# TASK OBJECTIVE
Strip out the pictures and output each remaining line of the data word for word.

# GIVEN DATA
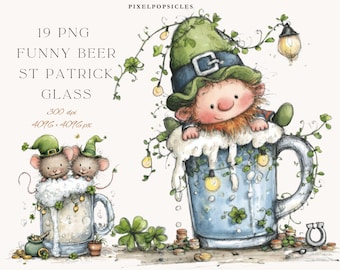 Quirky Funny St Patrick glass Clipart: St. Patrick's BEER PNG Illustrations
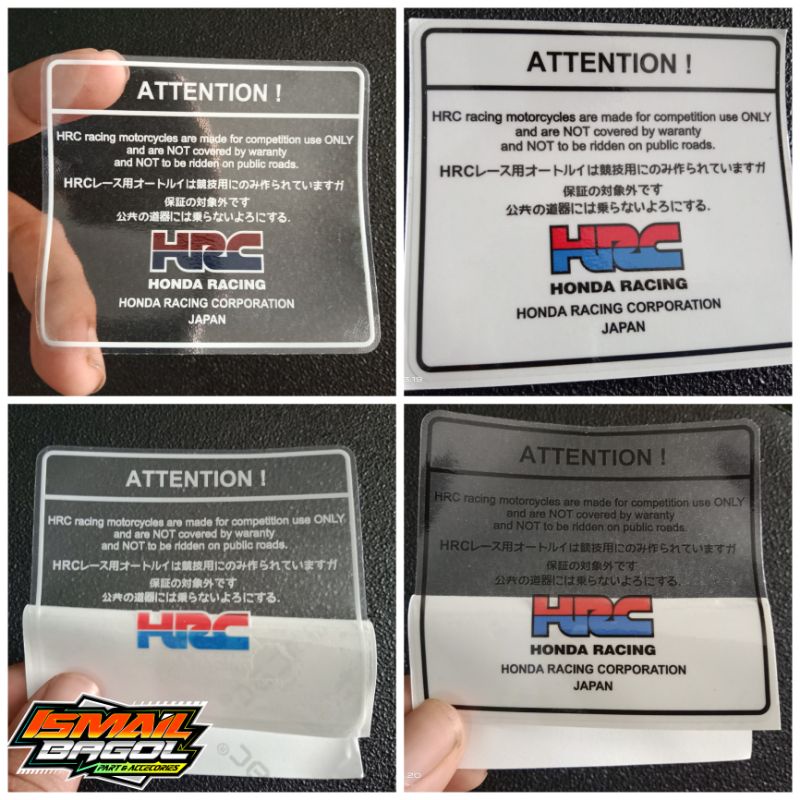 Jual STICKER ATTENTION WARNING HRC HONDA RACING JAPAN TRANSPARAN ...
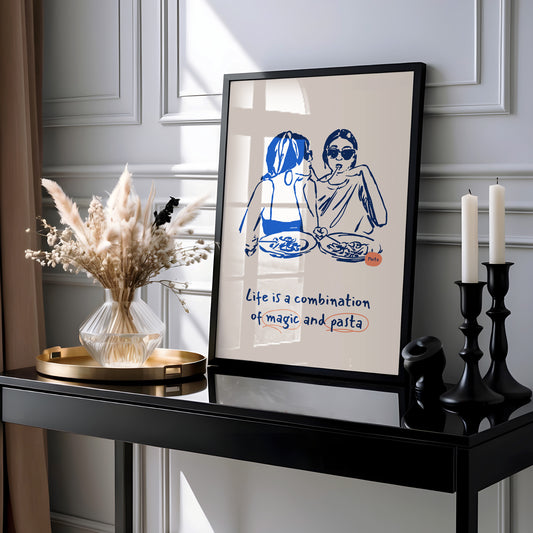 Magic & Pasta – Whimsical Food Quote Art Print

# SOLVED EXERCISE
 Quirky Funny St Patrick glass Clipart: St. Patrick's BEER PNG Illustrations
 Jual STICKER ATTENTION WARNING HRC HONDA RACING JAPAN TRANSPARAN ...
 Magic & Pasta – Whimsical Food Quote Art Print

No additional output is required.